Exercise prompt –
When you repeat the material, keep each line exact and omit the pictures.

Data below –
((

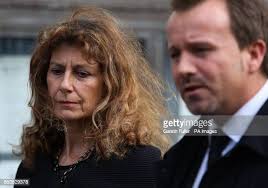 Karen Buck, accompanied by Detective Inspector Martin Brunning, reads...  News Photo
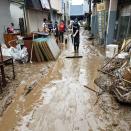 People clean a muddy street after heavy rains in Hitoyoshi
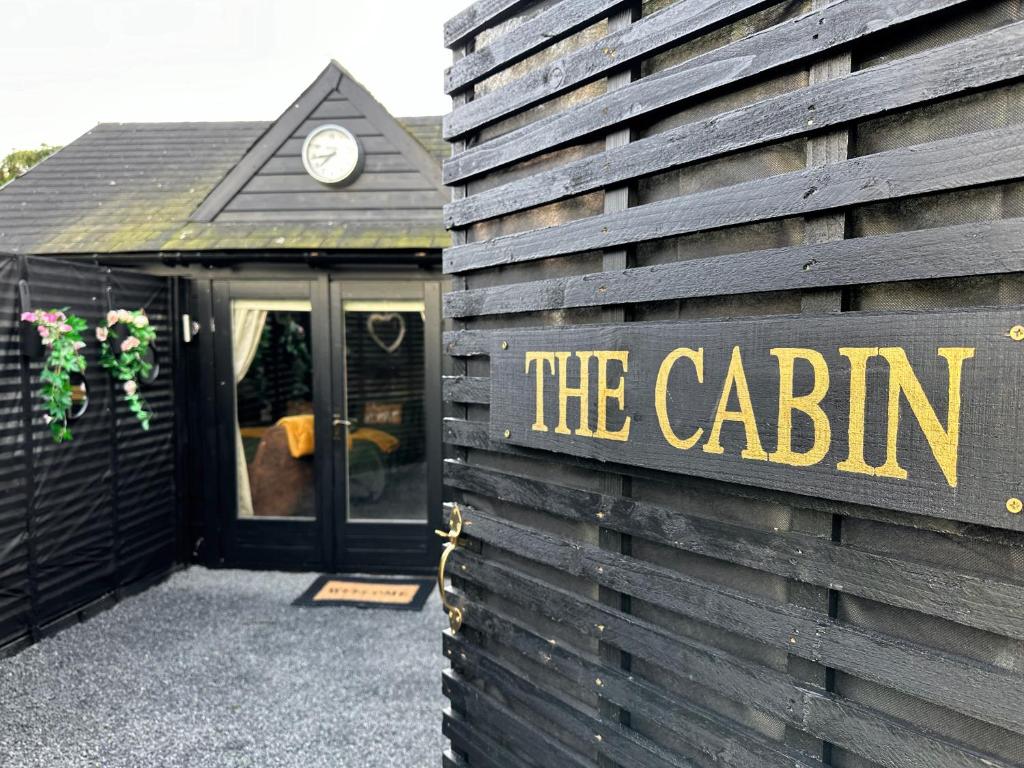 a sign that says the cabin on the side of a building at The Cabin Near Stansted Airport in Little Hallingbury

))

Task solution –
 Karen Buck, accompanied by Detective Inspector Martin Brunning, reads...  News Photo
 People clean a muddy street after heavy rains in Hitoyoshi
 a sign that says the cabin on the side of a building at The Cabin Near Stansted Airport in Little Hallingbury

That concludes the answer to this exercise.